If it is a bot, there will probably be a small range or even a single IP address responsible. When it's going on, grepping through your log files can identify the IP addresses concerned:

tail -5000 access.log | cut -d' ' -f1 | sort | uniq -c | sort -n

Tune the number in the tail to match how busy your sites are.

For simultaneous connections, you can also look at netstat:

netstat -tan | grep ESTABLISHED | awk '$4 ~ /:80/ {print $5}' | cut -d: -f1 | sort | uniq -c | sort -n

Grep through your access logs for any IP address identified by netstat and make sure it is not just an enthusiastic user or even your own office IP address.


Once you can tell the difference between someone deliberately trying to take your site down and someone just trying to crawl it as fast as possible, you can take steps to block it.

An example of this is the "Dig; Ext" bot. This bot is used for scraping email addresses from HTML pages. It has no pause between page requests and it runs multiple threads at a time (my guess is 10 based on my access logs). When it comes, it can put an extra 1000 requests per minute in my access logs. It conveniently ads the string "Dig; Ext" to its User-Agent, enabling us to block it easily. A 3 second page load with PHP can be dropped to a few hundred microseconds if Apache returns a 403 based on the User-Agent.

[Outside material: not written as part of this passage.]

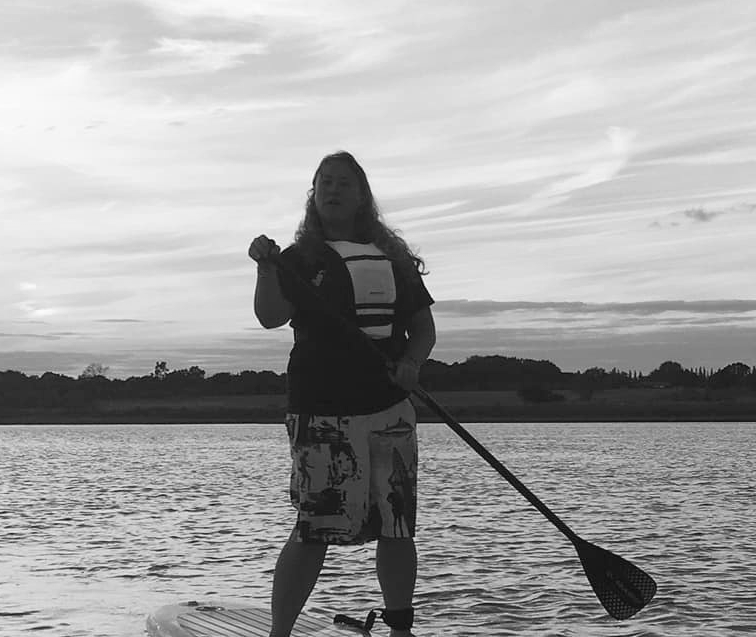 Person on a paddleboard on a lake, holding paddle. Sunset sky in background.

Since these are full TCP connections, the IPs can't be spoofed. Therefore, blocking on IP address should be effective. If the IP ranges are dynamic, ADSL or similar then dropping the packets at your firewall is appropriate. If they are server hosting ranges, it's possible that this is due to incompetence and not malice and it's nice to send back a 403 response as a hint that they might want to make their bot a little better behaved.

The mod_security OWASP core rule set has rules for the bot I mentioned above and many others, along with heuristics that match characteristics of many other bots but no real browsers, such as having no Accept: headers.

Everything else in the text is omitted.